Place this list in a central location of the house where everyone in your home, including babysitters, know where it is, and can access it quickly if needed.
Step 5: Create List Of Information For Items In Wallet In Case It Gets Lost Or Stolen
Just as you should keep certain information in your purse or wallet to reference in case of an emergency, you should prepare now in case your purse or wallet is ever lost or stolen.
In such situations you need to know who to contact to cancel credit or debit cards, and what the vital information on your identification cards, such as your drivers license said when you can no longer reference them.
Step 6: Create A Business Contacts List Or Organized Collection Of Business Cards For Frequently Used Service Providers
Finally, the last step in this week’s Challenge is to create a business contacts list so you can easily find the contact information for service providers you use, when you need them.

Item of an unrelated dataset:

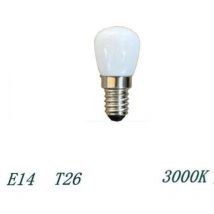 Lampadina lampada frigorifero frigo congelatore cappa E14 3W led 4200K BXD-183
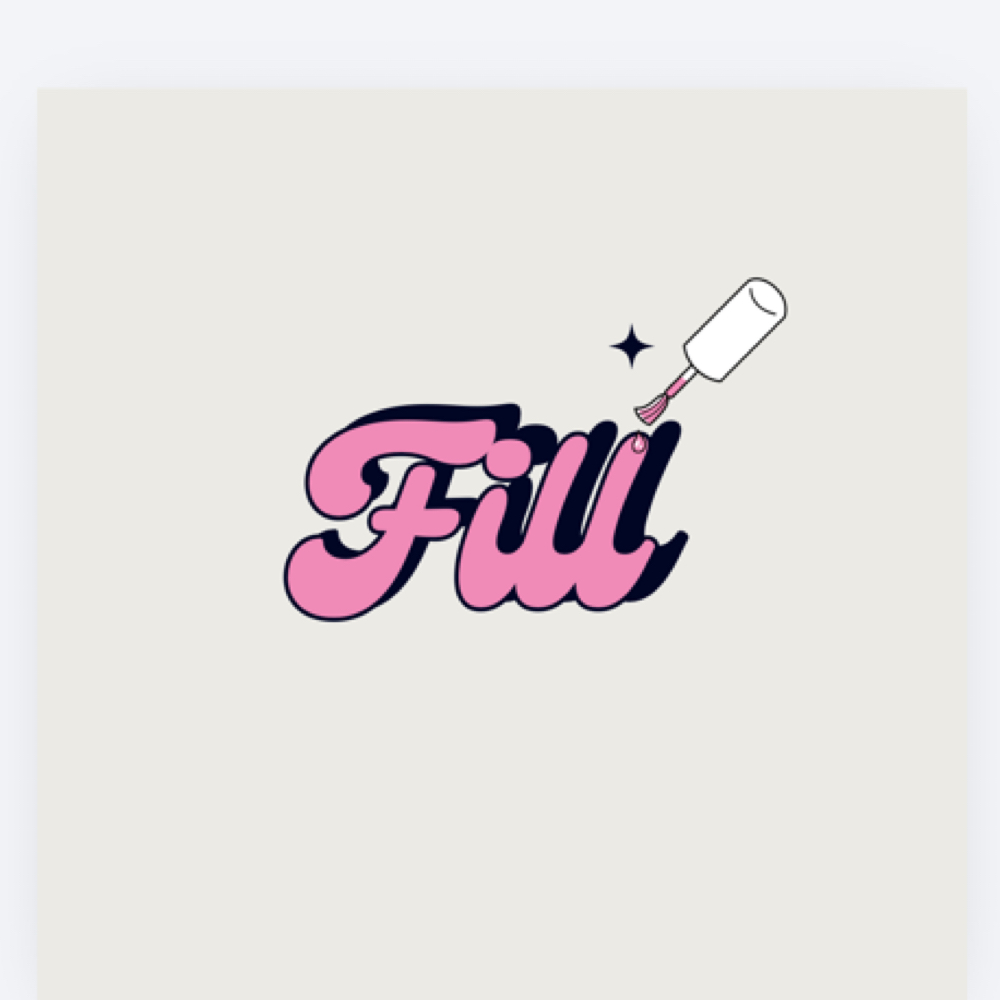 FILL at Bola Beauty Nails in Fayetteville, AR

You can use your main simple address book system that you created in step 2 of the challenge for this, if you wish.
I have found, however, that I may save the name of the roofing company, under the alphabetical name of the company, but two years later when I need to know what company I used for this service before I have no idea what the name of the business is, and I search around trying to remember it and jog my memory. This is the exact type of situation in which a business contacts list comes in handy.
This list is a much shorter list than your main address book, only listing service providers or other businesses you use frequently, or infrequently, such as appliance repair people, utilities, auto repair companies, the plumber or HVAC service providers you only use every couple of years, etc. They are all listed on this sheet so you can easily find the contact information you’re looking for when you need it.
Even if you think you’ll remember all this stuff I guarantee you a couple of years later you won’t. Plus, it isn’t just to help you, but consider that others may need this information if you’re not around and it will help them also know who to contact easily.
If you don’t want to keep a running list of this information you can also save business cards that these service providers give to you. Use a small photo album or a business card organizer (such as the one shown on the left), and throw the business cards in it as you receive them, so they’re always available for reference when you need them.